Cypriot President Nicos Anastasiades said on Friday he will appeal to EU chiefs for extra assistance for the island as it faces ever more crippling terms for a eurozone debt bailout.
Anastasiades said he had already spoken to European Union Economy and Euro Commissioner Olli Rehn ahead of a key meeting of eurozone finance ministers in Dublin later Friday that is due to finalise the bailout terms.
He said he would also write to European Commission chief Jose Manuel Barroso and to EU President Herman Van Rompuy.
"The letter to Mr Barroso and Mr Rompuy will refer to the need for EU policy to change towards Cyprus by giving it extra assistance, given the critical times we are going through as a result of the economic crisis and the measures imposed on us," Anastasiades told reporters.
He did not elaborate on what additional support he was seeking.

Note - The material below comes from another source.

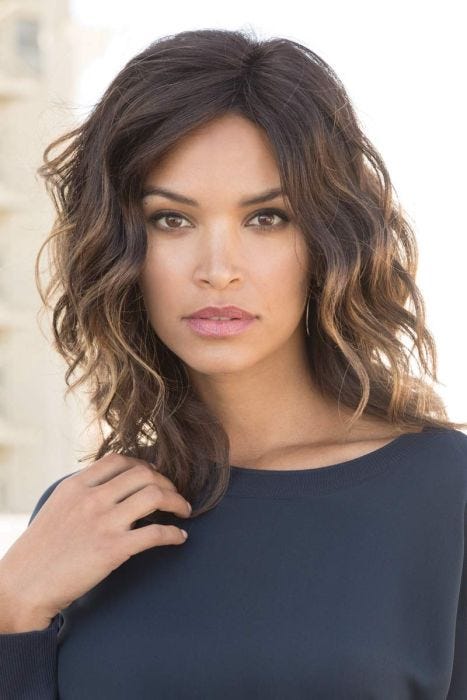 Woman in an 11.5" wavy light brown hair topper for thinning hair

Asked about his conversation with Rehn, Anastasiades said: "It is a fact. The primary reason for the contact was our effort to achieve the best we possibly can under the current circumstances."
Under the preliminary bailout terms agreed with international creditors last month, Cyprus was already drastically downsizing its once lucrative banking sector, raising taxes, reducing the public sector workforce and privatising state-owned utilities to raise 7.0 billion euros.
But the government acknowledged on Thursday that the costs have now soared to 23 billion euros ($30 billion) and that the European Union, the European Central Bank and the International Monetary Fund are demanding that Cyprus fund the 6.0 billion euro shortfall too.
Anastasiades denied that the additional costs were the result of the uncertainty that has rocked the economy during the marathon negotiations since he took office in February.
"I do not think it is the last three months but a general delay that has led us here," he said. "It will be addressed."